This report is made solely to the company in accordance with the terms of our
engagement to assist the company in meeting the requirements of the Disclosure
and Transparency Rules ("the DTR") of the UK's Financial Conduct Authority
("the UK FCA"). Our review has been undertaken so that we might state to the
company those matters we are required to state to it in this report and for no
other purpose. To the fullest extent permitted by law, we do not accept or
assume responsibility to anyone other than the company for our review work,
for this report, or for the conclusions we have reached.

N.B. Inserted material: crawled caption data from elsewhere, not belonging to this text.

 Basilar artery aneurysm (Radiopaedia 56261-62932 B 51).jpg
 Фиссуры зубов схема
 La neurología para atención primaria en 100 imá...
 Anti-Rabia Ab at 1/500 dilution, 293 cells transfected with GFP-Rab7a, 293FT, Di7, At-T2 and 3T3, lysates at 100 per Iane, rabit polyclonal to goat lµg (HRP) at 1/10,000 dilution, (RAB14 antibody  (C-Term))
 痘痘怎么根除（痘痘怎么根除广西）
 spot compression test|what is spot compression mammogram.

Directors' responsibilities
The half-yearly financial report is the responsibility of, and has been
approved by, the directors. The directors are responsible for preparing the
half-yearly financial report in accordance with the DTR of the UK FCA.
As disclosed in note 2, the annual financial statements of the group are
prepared in accordance with IFRSs as adopted by the EU. The condensed set of
financial statements included in this half-yearly financial report has been
prepared in accordance with IAS 34 Interim Financial Reporting as adopted by
the EU.
Our responsibility
Our responsibility is to express to the company a conclusion on the condensed
set of financial statements in the half-yearly financial report based on our
review.
Scope of review
We conducted our review in accordance with International Standard on Review
Engagements (UK and Ireland) 2410 Review of Interim Financial Information
Performed by the Independent Auditor of the Entity issued by the Auditing
Practices Board for use in the UK. A review of interim financial information
consists of making enquiries, primarily of persons responsible for financial
and accounting matters, and applying analytical and other review procedures.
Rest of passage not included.